I really respect how the storyline made room for Darcy and Elle had trans and non binary identities and that they were expanded upon in the show, I love it really and I think that it felt like things my friends would actually talk about. We have a slight reference to Darcy having an unlabeled gender but even this feels wrapped up as they come out as non binary, I wish it was just all less clean cut, less perfectly fit so that everything works out, do their's and Tara's sexualities shift to reflect changing Lesbian identity in a more inclusive world? Do they decide to be unlabled or does the idiotic queer discourse not exist for them? Can we have people who don't particularly lean one way or the other, or who reject this modern idea that we should fit into the straight designed trap of conformity for the heads to comprehend something outside their simple world of the nuclear family?
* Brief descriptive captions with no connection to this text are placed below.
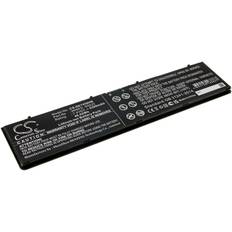 Batteri till Dell Latitude E7450 mfl - 6.300 mAh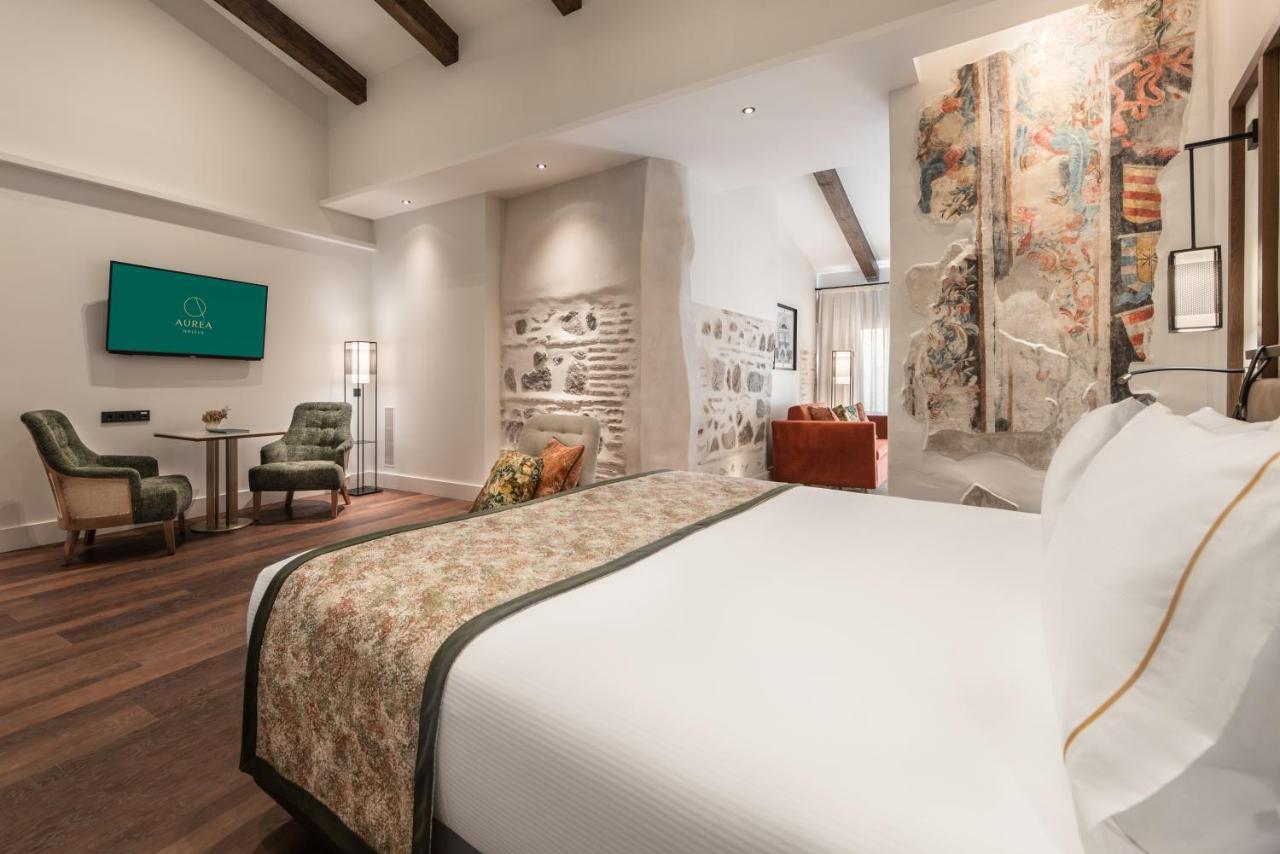 Aurea By Eurostars Company Hotel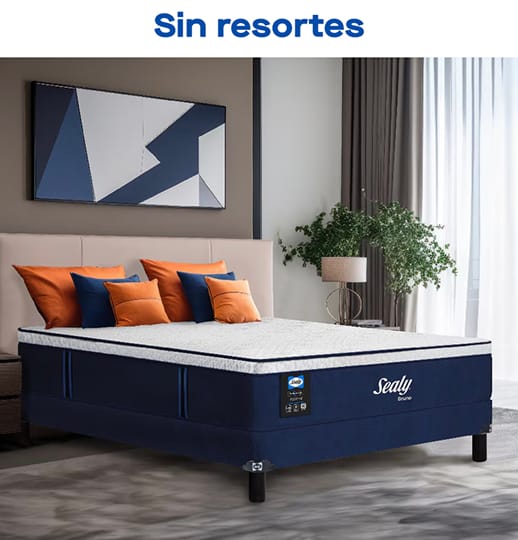 Sin resortes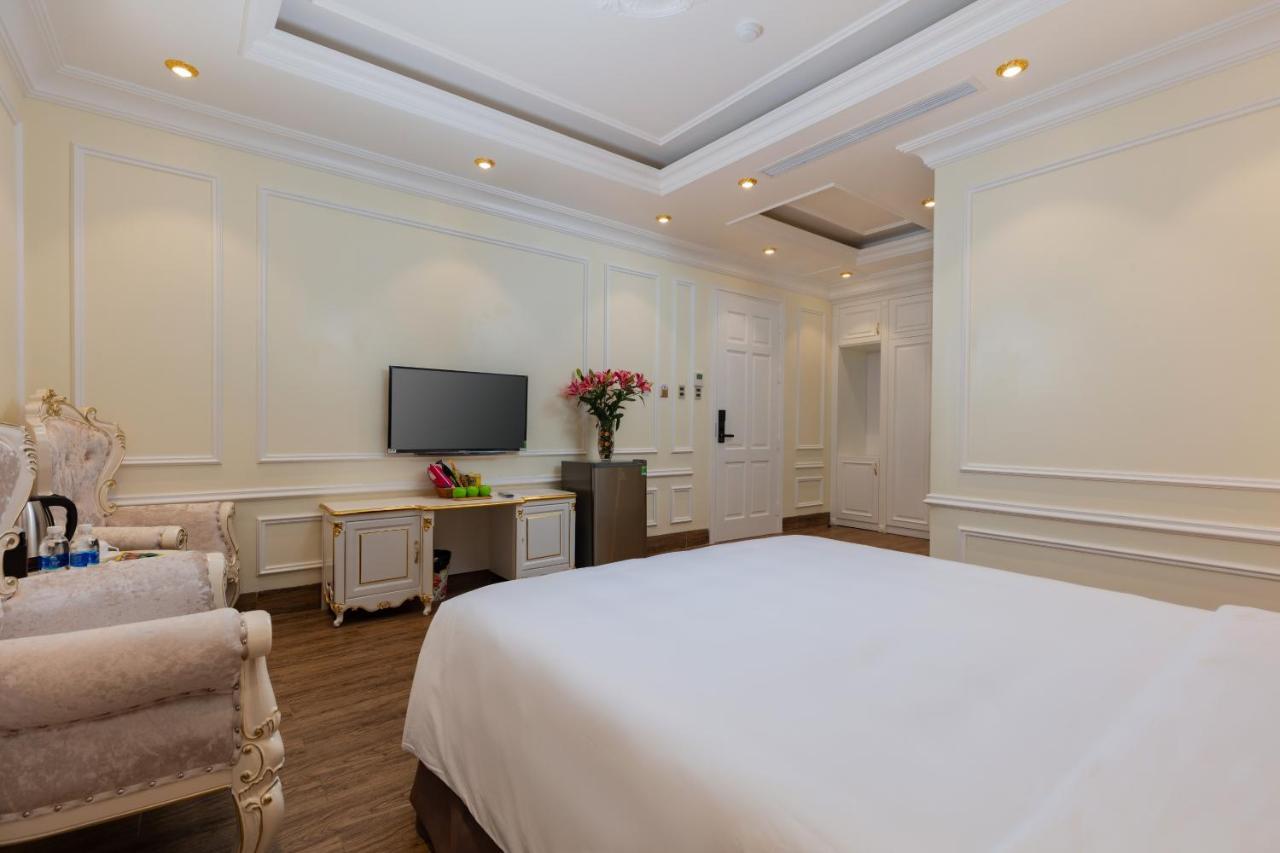 Cam Binh Hotel Quang Ninh  Exterior photo
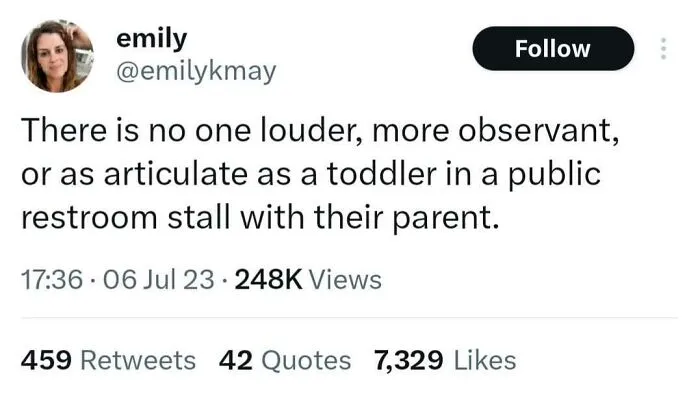 50 Of The Most Hilarious Parenting Tweets This Month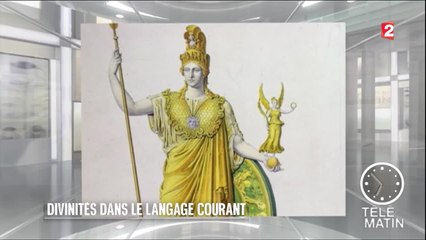 Mémoires - Des divinités dans le langage courant - 2016/03/07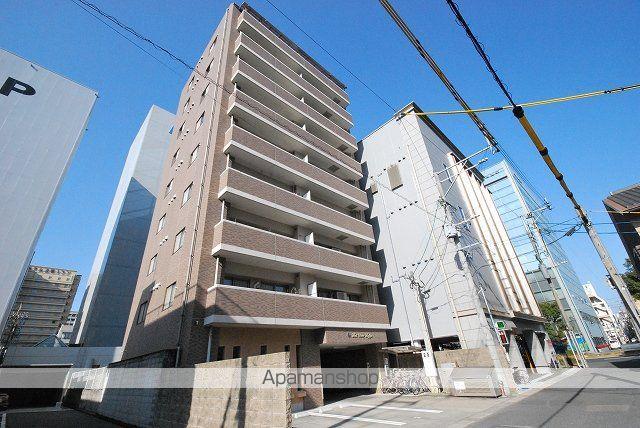 ウエストリバー加治屋(1LDK/3階)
I want sexualities nuances to be explained like gender's was. Micheal talks about it, so why is there not a large discussion or plot around it? Why does it end up a somewhat hollow scene?
Maybe my friends and I are weird and philosophical, but we'd spend lunch arguing about this sort of stuff, so I really wish they'd show it, I have the backing of the kids who loved Perks of Being a Wallflower and Catcher and the Rye (don't ask me about that one I haven't actually read it, on principle) that found Solitaire, and all the depressed outsider protaganists a little too relatable for our own good, that maybe Tori and Micheal shouldn't have even kissed in the book because people are only ever going to misinterpret it. So now looking at the show, I guess of course this happened. Tori and Micheals story meant something to me and so yeah, I'm going to be a melodramatic whiner on Tumblr about it.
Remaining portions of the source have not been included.